Da stellt sich zwangsläufig die Frage: „Who did the work?“, wie es folgerichtig der Suffragetten-Chor tut, der darauf aufmerksam macht, dass ohne die mühsame und über ein Jahrhundert lange kämpferische Arbeit der Frauen ein Leben wie das der Kardashians nicht möglich wäre. Aber müssen sie deswegen dankbar sein? Oder machen sie das einzig Richtige – sich dessen zu bedienen, was die männlich dominierte Wirtschaftsgesellschaft schon seit Jahrtausenden tut?

Die Liebes-Entbehrungen, die schweißtreibenden Work-outs, die täglich zu absolvieren sind, der unbeugsame Wunsch, die Millionen, die man auf dem Konto hat, nicht Männern zu verdanken, sondern dem eigenen Tun, ist dies tatsächlich verwerflich?

Der Text, staccato vorgetragen, bietet Stoff für mehr als eine einzige Inszenierung. Themen wie „Frauen in der Werbung“, „Wie bewältige ich einen Shitstorm?“, Selbstermächtigung auf Kosten anderer, männlich dominierte Geschichtsschreibung – all das und noch mehr, kommt ebenfalls zur Sprache. Dass einem dabei nicht ein reflexiver Overload heimsucht, ist der klugen Regiearbeit zu verdanken, die mit einer großen Portion Witz in der Figurenführung arbeitet. Marboe weiß, dass auch die bittersten Pillen mit Humor gut schmecken können.

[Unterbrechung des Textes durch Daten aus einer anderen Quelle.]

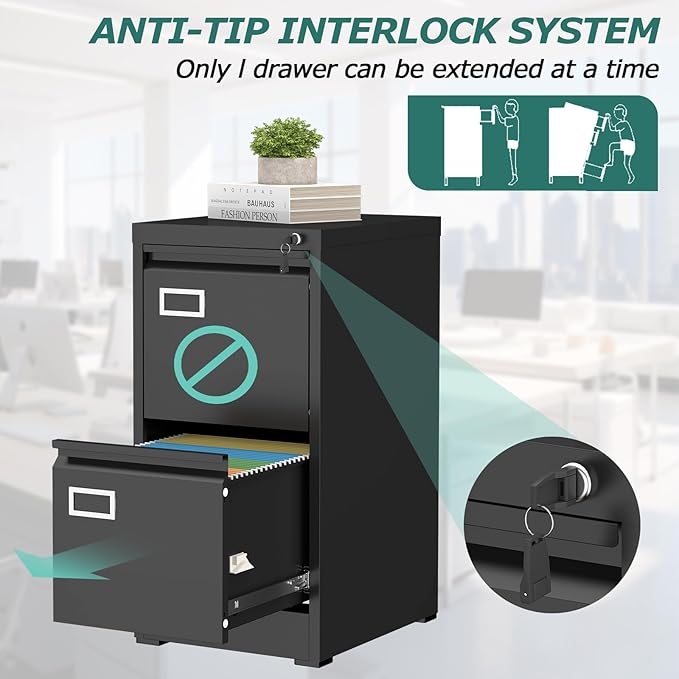GREATMEET 2 Drawer File Cabinet with Lock, Small Metal File Cabinets for Home Office 2 Drawer, Black Vertical Filing Cabinets for Letter/Legal/A4/F4 Size File,Assembly Require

„Keeping up with the Penthesileas“ – eine Anspielung auf das Kardashian TV-Format, mit welchem sie globale Berühmtheit erlangten, ist ein Ritt zwischen gestern und heute, eine Abrechnung mit unrechtmäßiger Aneignung genauso wie mit Vertuschung und Täuschung. Es ist eine Theaterproduktion, die fetzt, unterhält und zugleich zum Nach-Denken, zum Nach-Lesen oder Nach-Schauen anregt. Mission completed.